Dalam menyempurnakan keislaman seorang hamba, baik itu muslim maupun muslimah, sudah menjadi kewajiban dalam menunaikan kelima rukun islam, Syahadat, sholat, puasa, dzakat, dan haji, menjadi pondasi penting dalam kehidupan.
Di penghujung Ramadhan sudah menjadi tradisi bagi masyarakat di Aceh untuk menunaikan ibadah dzakat. Sejatinya membayar dzakat dapat dilakukan diawal Ramadhan. Menurut pendapat saya pribadi kenapa mayoritas umat muslim di Indonesia membayar dzakat di penghujung ramadhan, dikarenakan pemuka agama di masing masing desa dapat lebih mudah membentuk badan Amil yang sudah disepakati dan disetujui oleh kepala desa, badan Amil yang sudah dibentuk dapat mengumpulkan informasi terkait orang orang yang berhak menerima dzakat dan dengan dibukanya penerimaan dzakat di akhir ramadhan dapat dengan mudah didistribusikan langsung kepada orang orang yang berhak menerima dzakat.

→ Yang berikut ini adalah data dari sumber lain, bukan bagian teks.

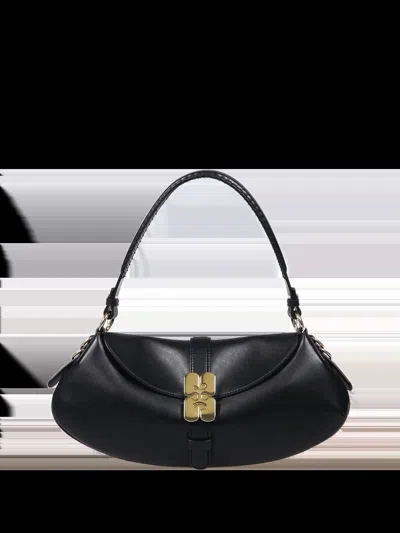Ganni Mini Baguette Shoulder Handbag In Black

Dalam hal ini amil dzakat dipimpin langsung oleh oleh Kepala dusun atau yang lebih dikenal sebagai Kadus, kadus merupakan atasan dari setiap kepala lorong atau yang lebih dikenal dengan Keplor. Ketika masyarakat hendak menunaikan dzakat maka Kadus didampingi Tgk Imum Dusun lah yang menerima dan melakukan ijab kabul (serah terima) sesuai dengan dusunnya masing masing. Ketika dzakat sudah dikumpulkan maka Kadus akan menghitung jumlah total dzakat yang diterima. setelah menghitung barulah kadus menakar dari jumlah penerima dzakat atau yang kerap di sebut Asnaf yang terdiri atas 8 golongan diantaranya,
| No. | Asnaf (Golongan yang berhak menerima dzakat) |
|---|---|
| 1. | Fakir |
| 2. | Miskin |
| 3. | Amil |
| 4. | Mualaf |
| 5. | Riqab (budak) |
| 6. | Gharim (Orang yang berhutang) |
| 7. | Fisabilillah |
| 8. | Ibnu Sabil |
Desa Uteunkot mempunyai 5 dusun yang tersusun berdasarkan abjad mulai dari Dusun A hingga Dusun E, dan masing masing dusun lebih kurang memiliki 3 lorong.

Setelah menakar jumlah beras dan asnaf yang akan menerima dzakat maka dzakat tersebut di berikan tanggung jawab kepada masing masing kepala lorong atau keplor yang nantinya akan menjadi amil dzakat yang akan langsung terjun ke lapangan guna menyalurkan dzakat yang akan dibagikan. Sistem sederhana namun dapat adil dan merata dalam penyaluran dzakat fitrah.